Домой! Вот как. Он уже все забыл.
— Твои тапочки я просто не трогаю, и маме не разрешаю. А когда я мою пол, я протираю пол вокруг них, не сдвигая.
— За что ты меня так ненавидишь? — спросил он. — Что я тебе сделал?
— Я тебя не ненавижу, а просто не люблю.
— Это одно и то же.
— Нет. Ненависть — это уже чувство, уже неравнодушие, а я к тебе равнодушна.
— Ну за что, за что?
Я пожала плечами. Если бы я могла, я бы улыбнулась. Если он мог забыть, что ударил меня, как тогда объяснить ему — за что? Он опять подошел к «Голгофе» и стал рассматривать ее.
— Ну хорошо, объясни мне, наконец, что это значит?
— Это? Ну, в общем — война, разрушение, трагедия маленького человека.
— Я — технарь, мне весь этот цирлих-манирлих ни к чему.
Он закурил, и я ничего не сказала.
— Ты даже не спросишь, как я живу.
— Я и так знаю, ты купил машину.
Он непривычно усмехнулся:
— Да, купил.
Мы замолчали. Он оторвал от газеты клочок и стряхивал пепел. Мама эту газету еще не читала.
— Мне уйти? — спросил он.
— Да, иди…
Он встал не сразу, медленно вышел в коридор. Скрипнули ботинки, вжикнула «молния».

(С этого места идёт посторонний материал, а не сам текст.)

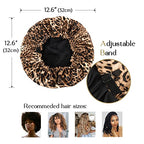 YANIBEST Double Layer Satin Bonnet Silk Bonnet Adjustable Hair Bonnet for Sleeping Hair Bonnets for Women Curly Natural Hair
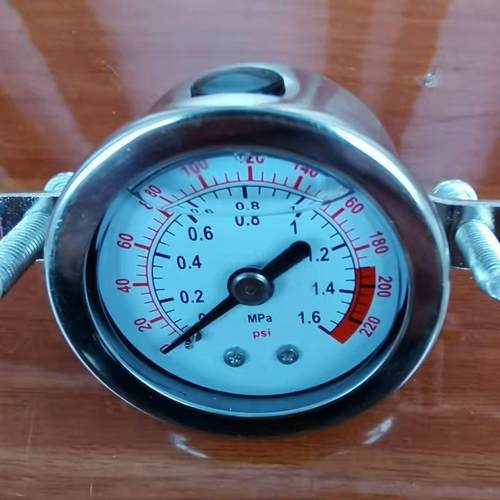 y50y60y100全不锈钢耐震压力表 Y 40带支架压力表 纯水机压力表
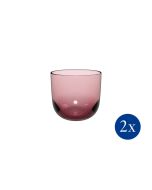 Villeroy & Boch 9.25oz Like Water Glasses (Set of 2) | Grape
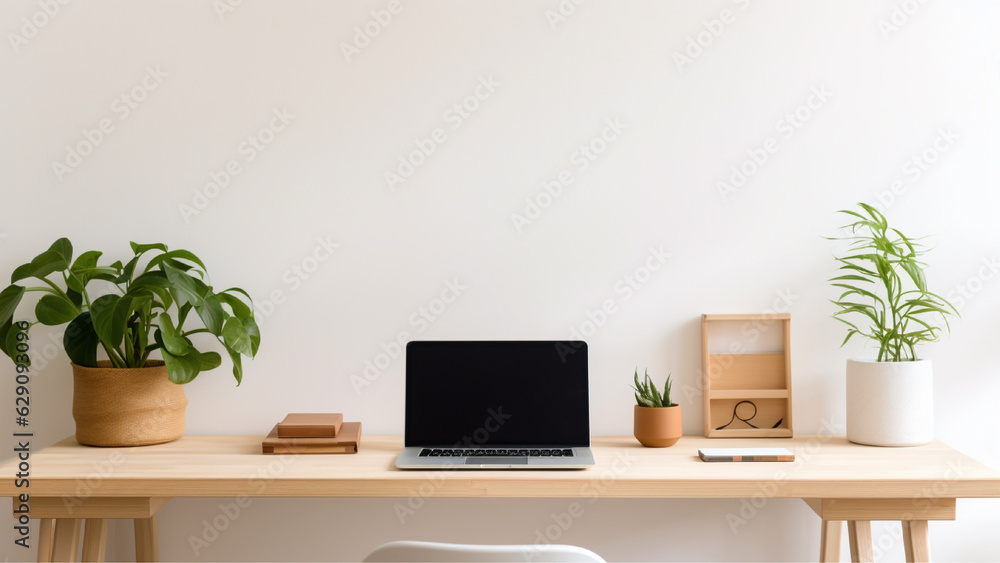 Cozy Minimalist Desk Setup Background Cozy Minimalist Desk Setup Background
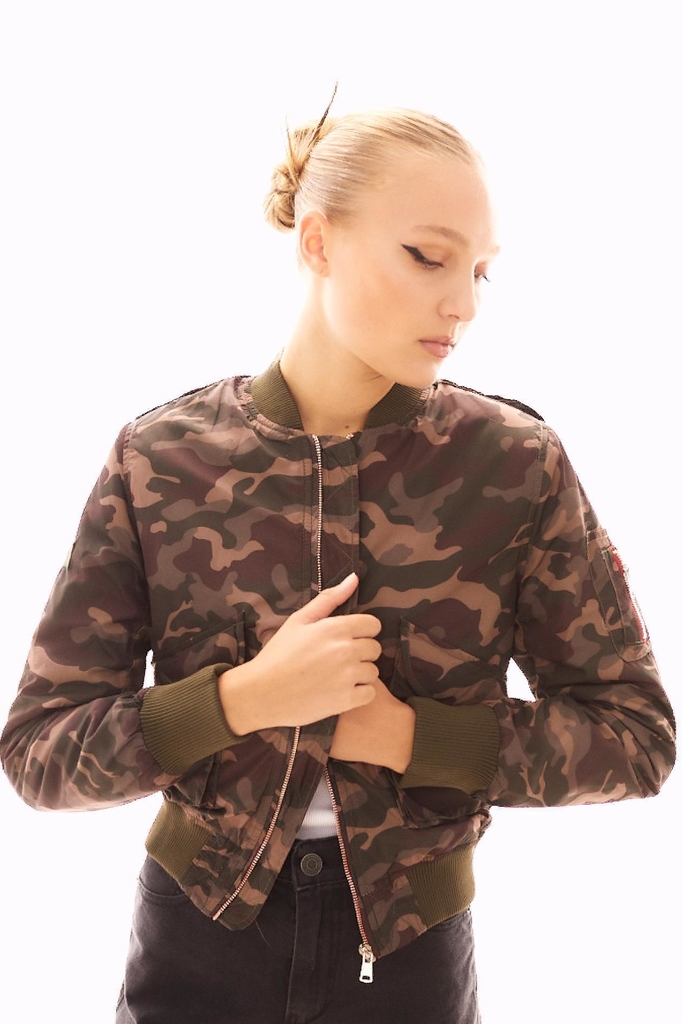 Bomber camuflado hot sale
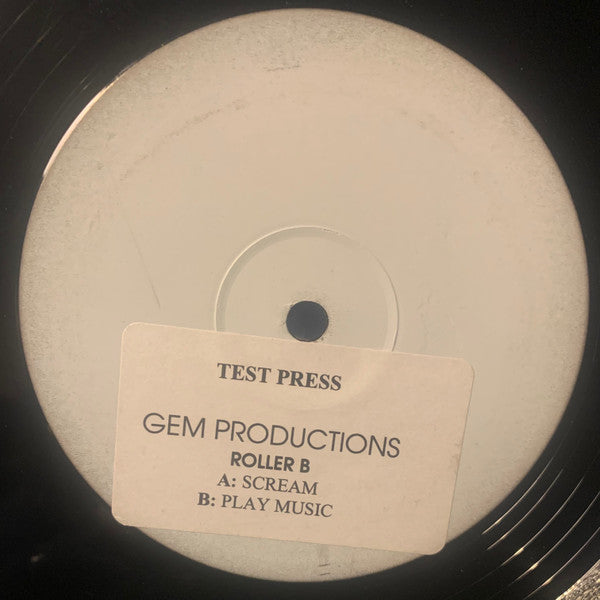 Gem Productions : Roller.B / Scream (12", Sti)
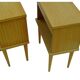2 tables de chevet vintage 1970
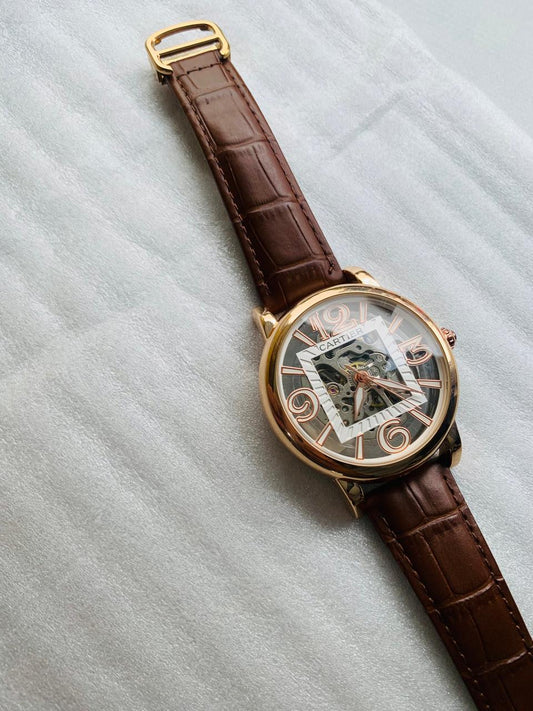 Cartier Automatic Leather Watch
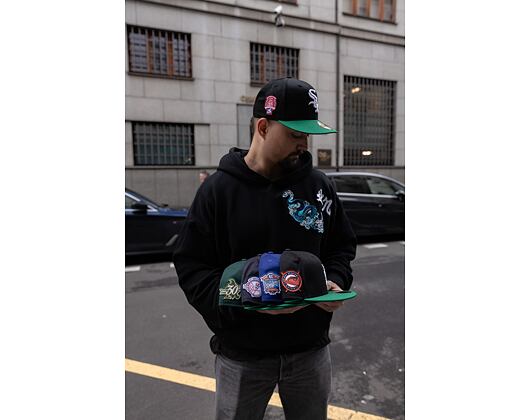 Kappe New Era 59FIFTY MLB Team Color Detroit Tigers Cooperstown Black / White / Kelly Green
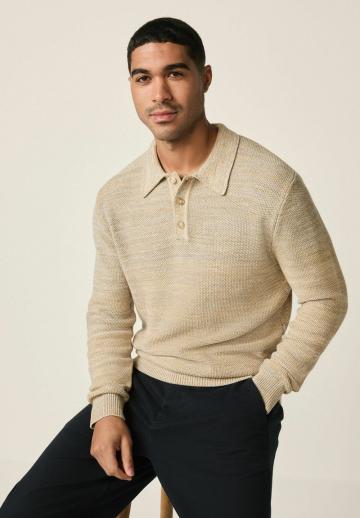 Поло с длинным рукавом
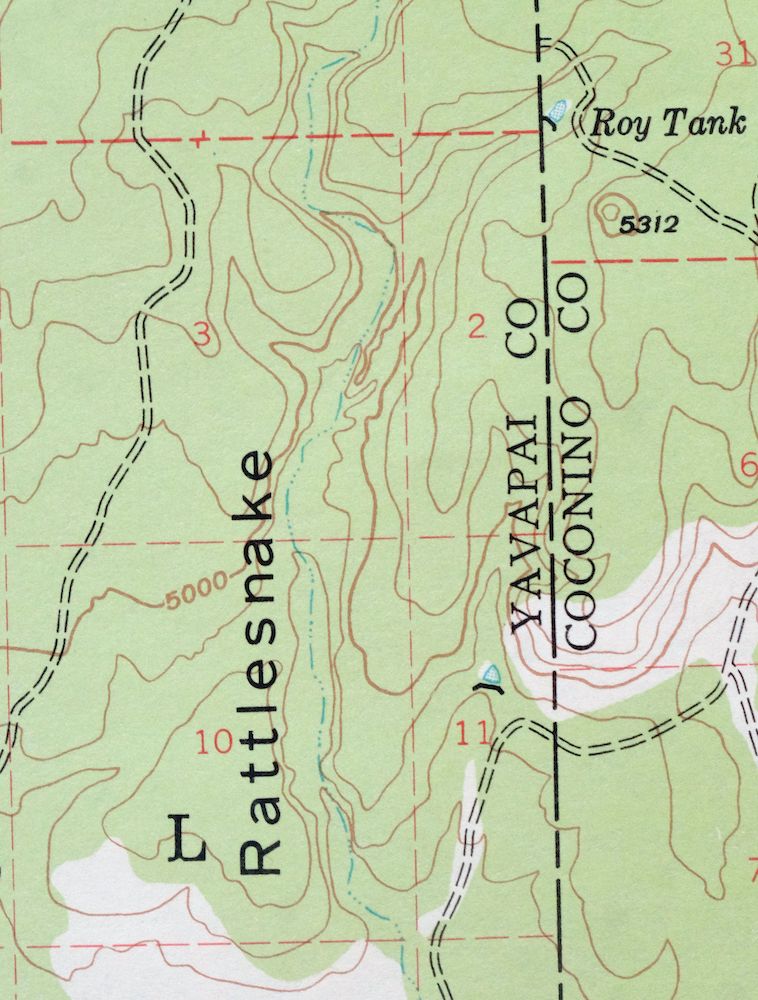 Ash Fork Arizona Kaibab NF Prescott NF USGS Topo Map 1978 - Image 5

— Возьми тапочки. Где старые газеты, ты знаешь.
Газета загремела, как жестяная.
— Игорь, — позвала я. — Он появился в дверях. — Оставь ключ. Он послушно достал из кармана ключ и положил на сервант.
Наконец закрылась дверь. Мама вышла из кухни.
— Вы не помирились?
Я смотрела в окно. Ага, вон он, с тапочками в газете. Постоял подумал и решительно направился к мусорному бачку, бросил туда тапочки и удалился.
— Мы уже не помиримся.
Как сразу стало легко на душе. Только теперь я поняла, что все время ждала его последнего визита, который все расставил бы по местам. Как легко! Поеду-ка я в парк!